Here, toward the home stretch of this thing, it’s easy to forget that this isn’t the only path to the presidency. That a guy became president in 1974, for example, simply by virtue of being in the right place at the right time. Gerald Ford was plucked from the House to be Richard Nixon’s vice president, a job he held for about nine months, until his promotion. The only election he won to get there was besting Jean McKee in the 1972 race for Michigan’s 6th Congressional District. The 118,027 people who voted for Ford that year had no idea that they were, in effect, choosing the next president.
That, in a nutshell, is what makes the vice presidency so bizarre. Nixon could have picked anyone he wanted, and, once confirmed by Congress, left that person in control of the United States. It wasn’t even 118,027 people that elected Ford. It was 479 people, 387 of whom worked alongside Ford in the House. Those 479 people — 0.001 percent of those who’ve voted so far — chose the next president.
How a presidential candidate decides on a vice president, explained https://t.co/XLl387EVrM
— Post Politics (@postpolitics) April 29, 2016
Even under non-bizarre circumstances, choosing a vice president is an unusual part of the process.
“It’s a very peculiar arrangement,” former White House counsel Bob Bauer told us when we spoke with him by phone on Thursday. “A person decides to take another person to be vice president of the United States. And all of the resources that are required for evaluating the choice and then proceeding with it are privately deployed.” All of the money and consideration and effort that goes into the presidential understudy happens quietly and according to the whims of only one person: the nominee.

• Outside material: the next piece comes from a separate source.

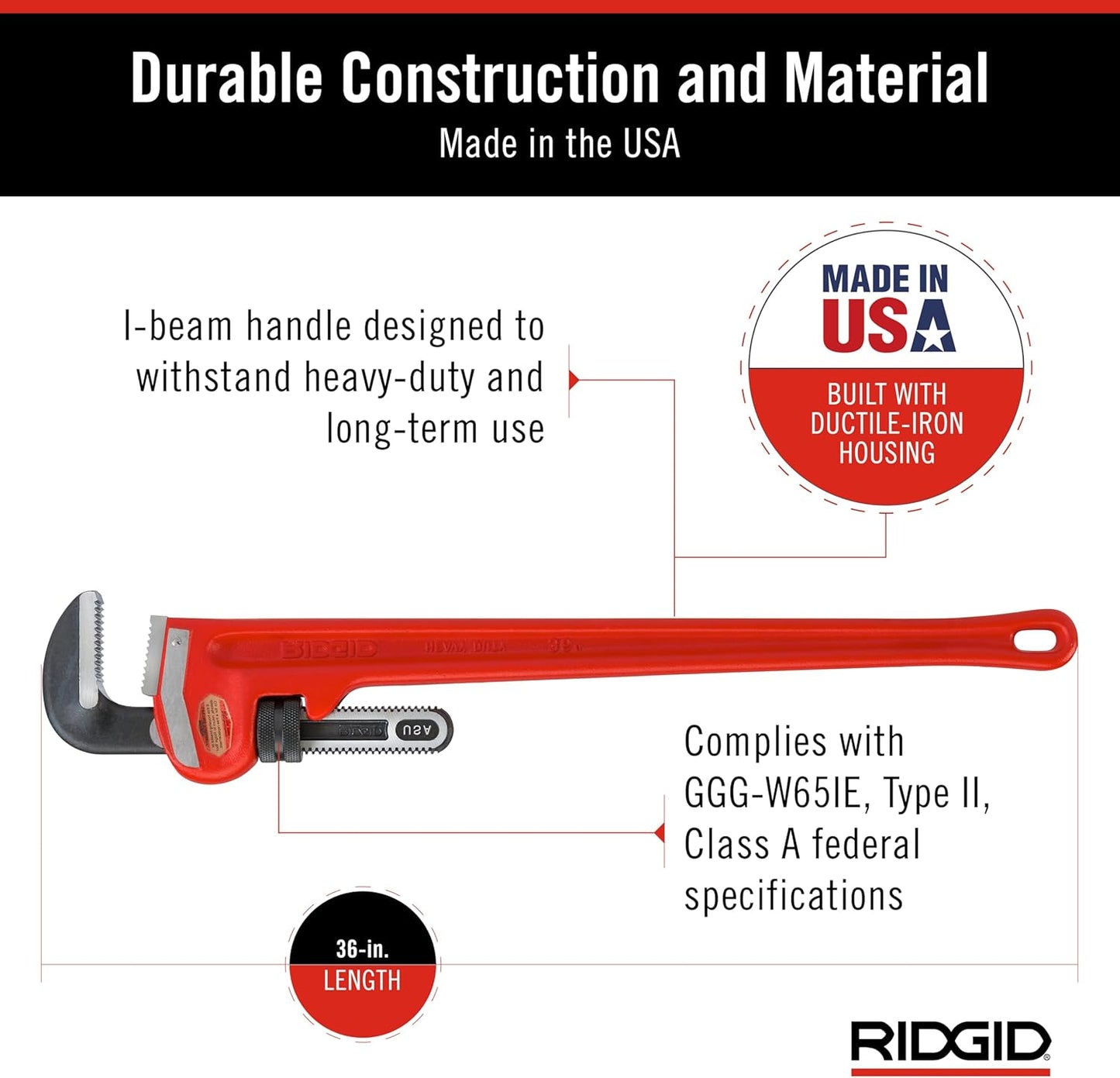 RIDGID 31035 Model 36 Heavy-Duty Straight Pipe Wrench – 36" Adjustable Plumbing Wrench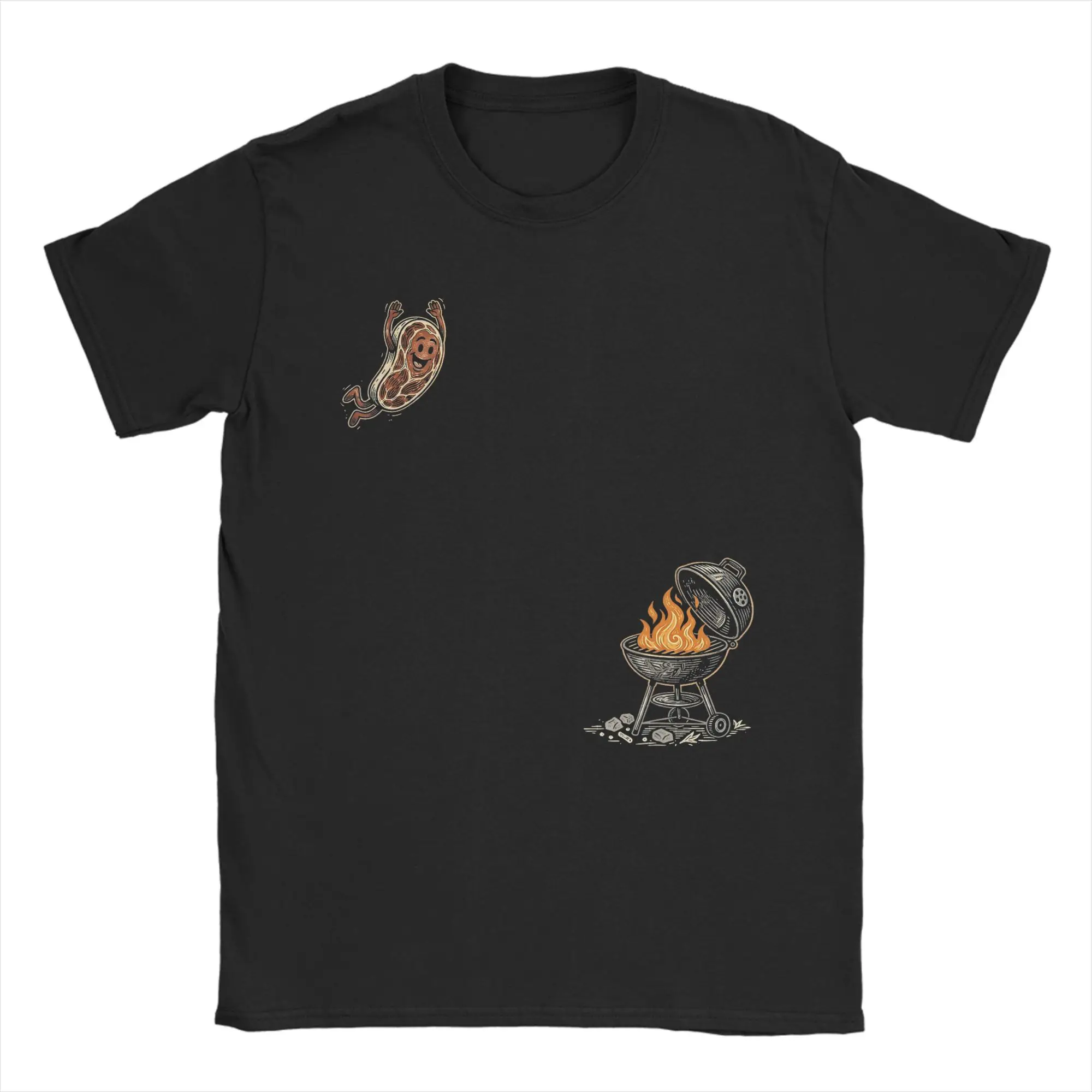 BBQ Steak Meme Cute Meat Jumping Into Grill Men's T Shirt  Vintage Tee Shirt Short Sleeve Crewneck T-Shirts 100% Cotton Clothes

Or, sometimes, just a candidate. Ted Cruz’s announcement this week that he had selected Carly Fiorina to be his running mate (on the off-chance that he earns the chance to run) contained a lot of oddities, including that it was a bit presumptuous. But it was also strange because it was so early.
Bauer was co-chairman of an effort by the Bipartisan Policy Center to draft a set of recommendations for the vice-presidential vetting process. As part of that, the group created a chart showing when vice presidents had been announced relative to the flow of a campaign. Normally, it’s shortly before the convention, allowing for time to both win the nomination and thoroughly vet someone. Cruz skipped the former by so much that one can reasonably question how well he did the latter.
The Bipartisan Policy Center report figures that you should allow for about two months, at a minimum, for a thorough vetting process (which would require Cruz’s efforts on Fiorina to have begun about two weeks after she dropped out). Why so long? Because uncovering every minute detail you could ever want to know about someone else takes a bit of time.